Tuesday, 18 November 2014

Fashion Institute of Technology: Dance and Fashion


Set in a mise-en-scène full of dramatic flair by architect Kim Ackert, this exhibition opens with an enthralling display of ballet costumes and similarly dance-related fashion pieces from the 1830's to modern times.

Designers such as Stella McCartney, Yves Saint Laurent, Cristobal Balenciaga Rick Owens, Iris Van Herpen and Oscar de la Renta were amongst those featured here and it was terribly exciting to see their masterpieces live. 

The exhibition aims to explore the relation between dance and fashion and their influence as art forms on one another. It primarily features designs created for the New York City ballet, but also includes modern dance costumes worn by famed dancers. 

Ballet dress by Iris Van Herpen - she is part of a new wave of upcoming designers, and has been hailed as the next Alexander Mcqueen due to her innovative use of 3D structures and futuristic, surrealistic textures.
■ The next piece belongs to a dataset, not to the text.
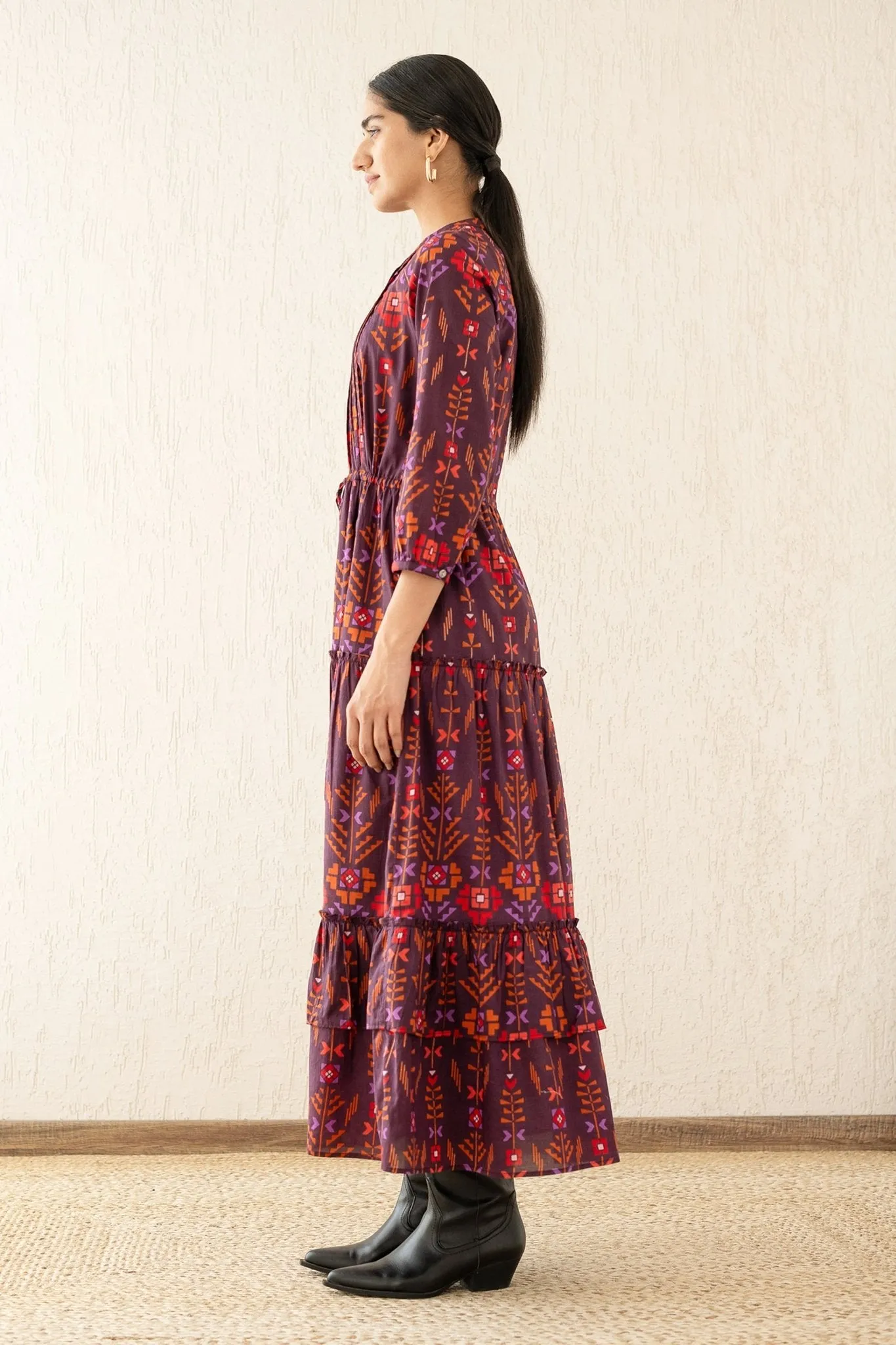 Bazaar Dress Emilie Deco Cinnamon sold by Banjanan product image thumbnail 4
This piece stood out to be because it had been part of an event that drew tantamount attention from the public. 


Rick Owens, an American fashion designer hailing from California had created his Spring/Summer 2014 collection and drawn inspiration from "stepping", a form of dance that evolved in African-American colleges. It is effectively a fusion of step dancing and cheerleading with military precision. For the runway showcase, Owens chose to debut his Summer/Spring 2014 collection with the dancers from four different sorority hip-hop groups to perform a bombastic, provocative and vicious dance during the introduction.


This radical move came amidst a period of great social-political unrest in the Fashion industry –as we are normally accustomed to 6-foot-tall, lithe Caucasian models. Naomi Campbell was also struck by this sentiment, as she had just written to the British Fashion Council to lament about the great lack of black models on British runways. In addition to that, Kanye West had just debated the limited futures that black people had in the fashion industry. As a result Owens' vicious model-army and their full-throttle performance swept their audience and the rest of the fashion world away, making a massive statement about the cutthroat, discriminative and overly-commercialized nature of fashion week. 

It was amazing to be able to see up close and personal - a piece that had played such an vital part in changing fashion history.